--- Brief ---
Set down, exactly as they stand, the lines from the one containing "Immigrants from Lithuania" through the last line of the records below, leaving every picture out.

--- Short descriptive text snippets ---
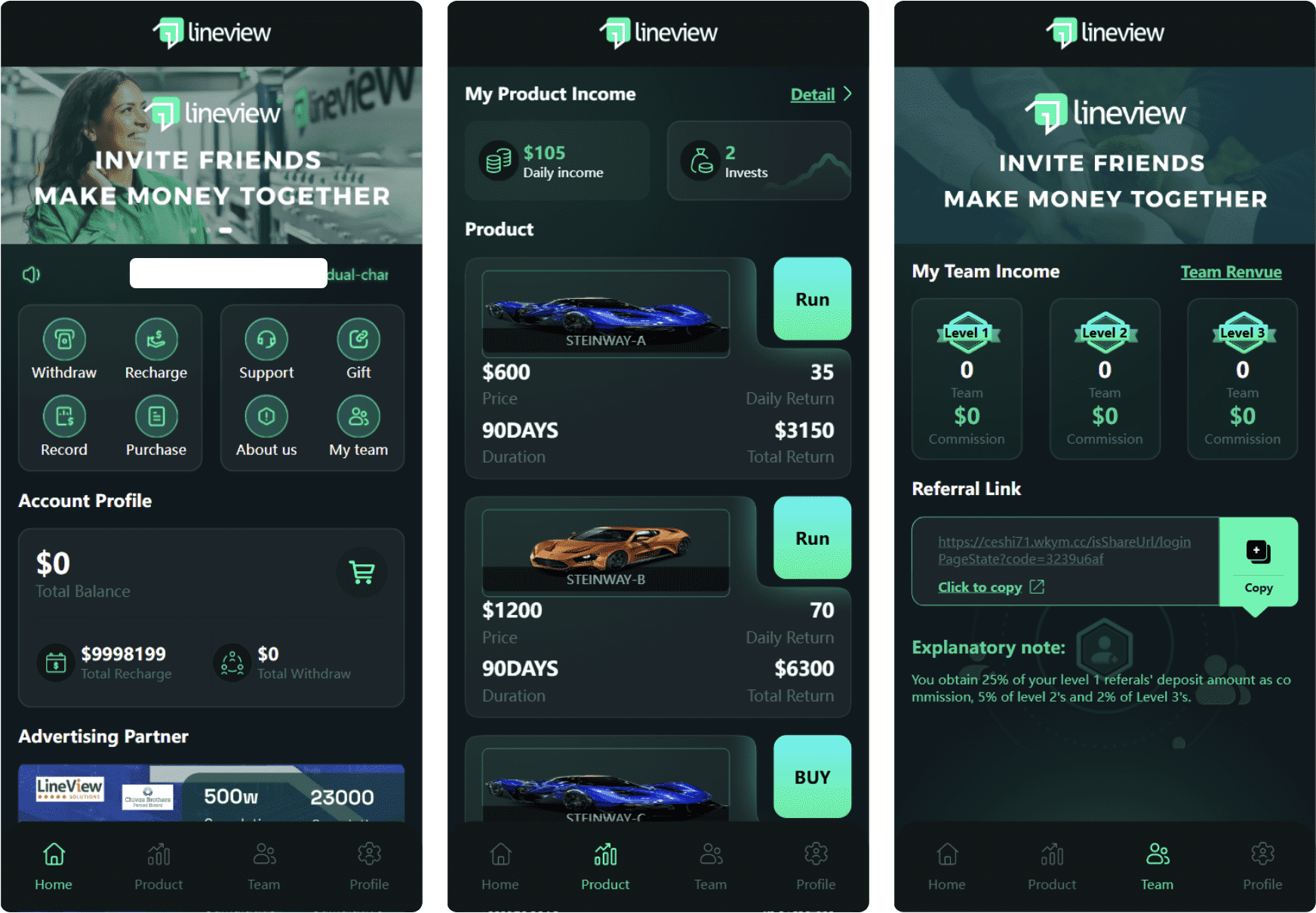 lineview海外汽车投资理财源码/前端html+后端PHP-资源V站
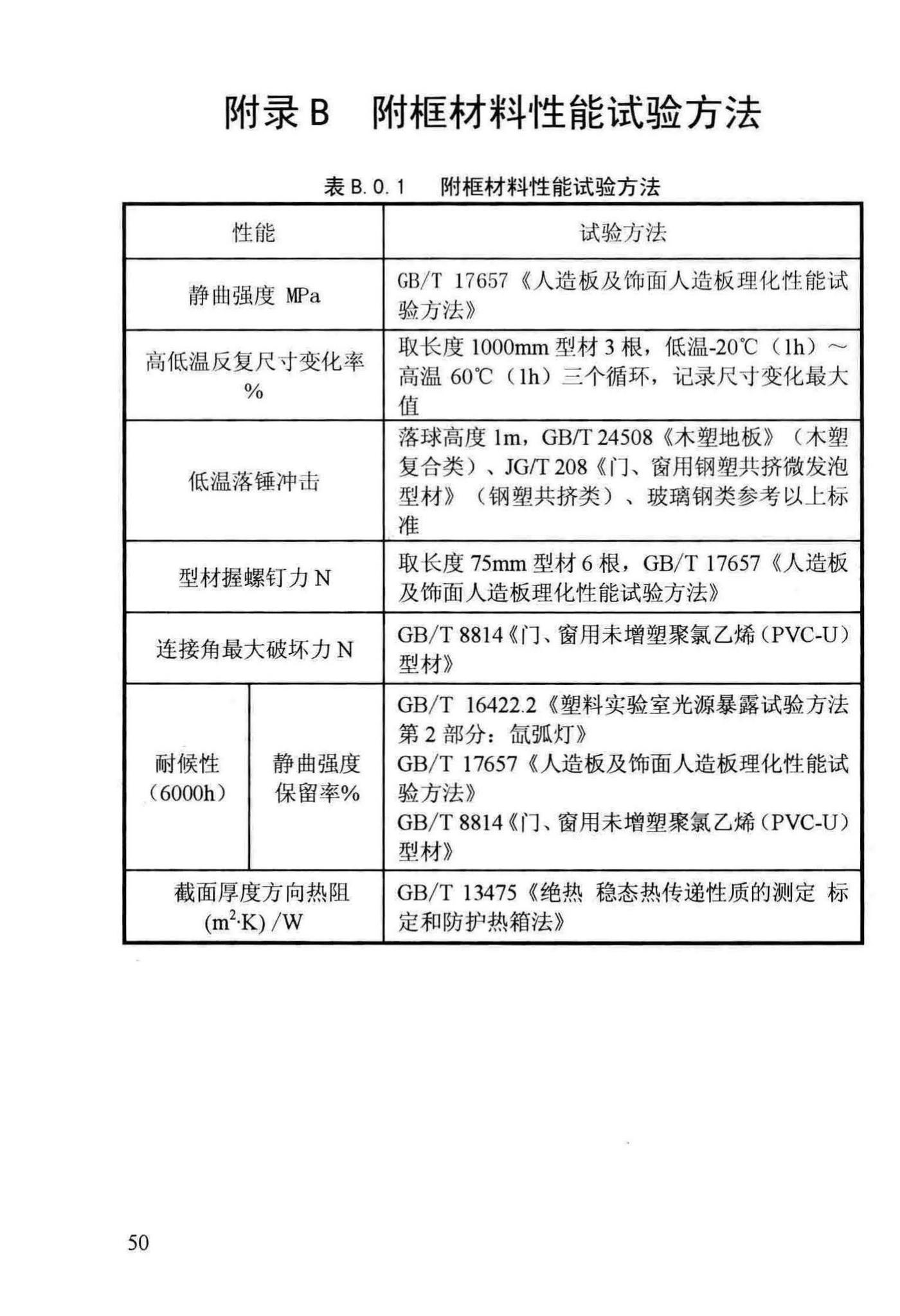 DBJ13-255-2016--福建省民用建筑外窗工程技术规范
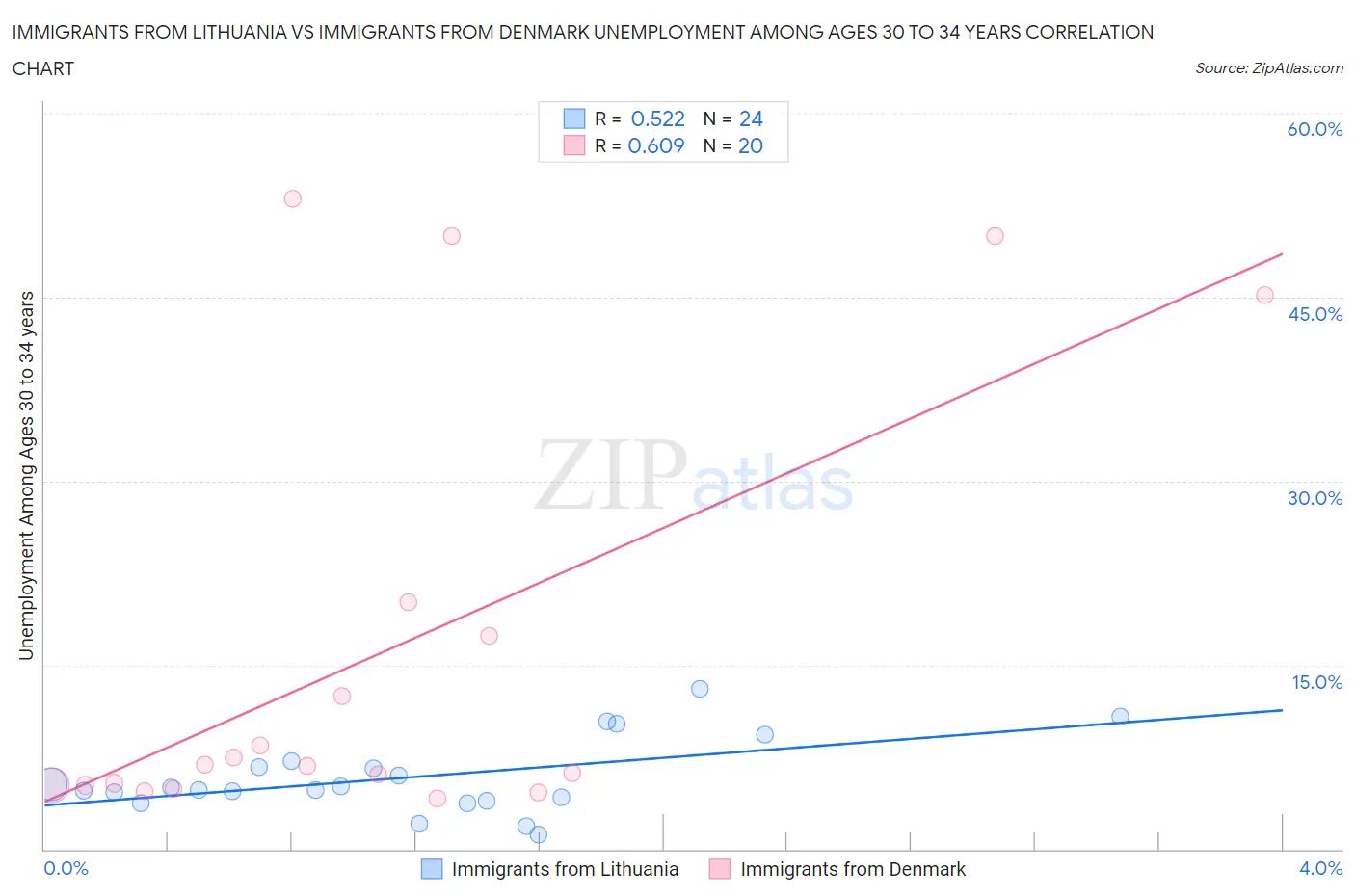 Immigrants from Lithuania vs Immigrants from Denmark Unemployment Among Ages 30 to 34 years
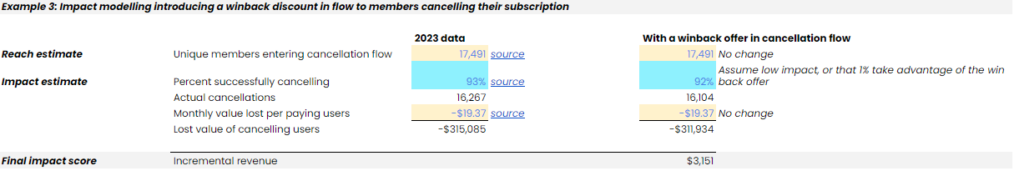 RICE framework example calculation of Impact 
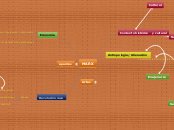 MARX - Mapa Mental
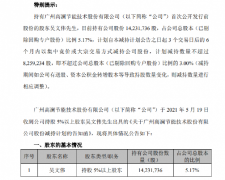  高澜股份：持股5%以上的股东拟减持 应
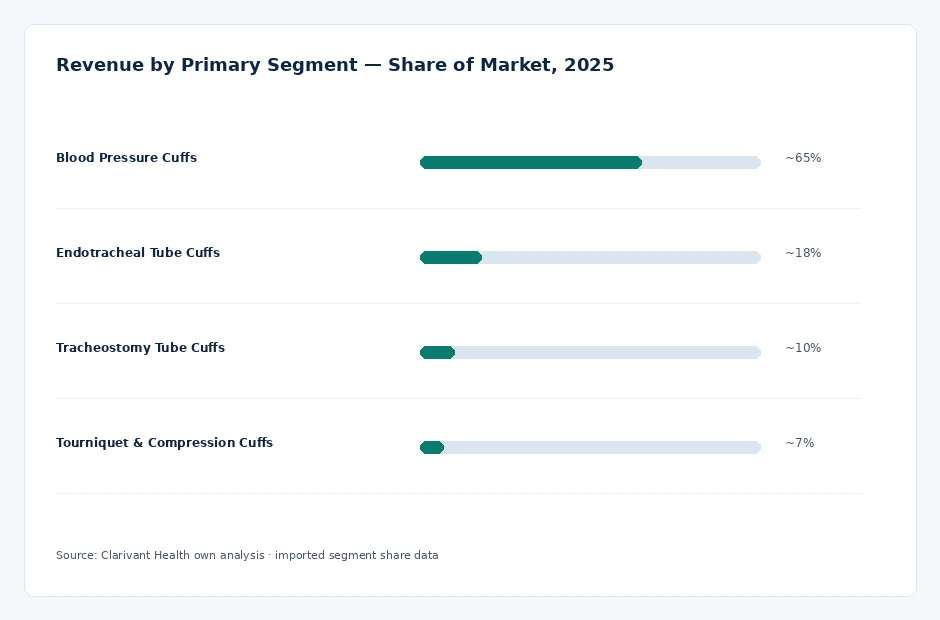 segment_share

--- Task result ---
 Immigrants from Lithuania vs Immigrants from Denmark Unemployment Among Ages 30 to 34 years
 RICE framework example calculation of Impact 
 MARX - Mapa Mental
  高澜股份：持股5%以上的股东拟减持 应
 segment_share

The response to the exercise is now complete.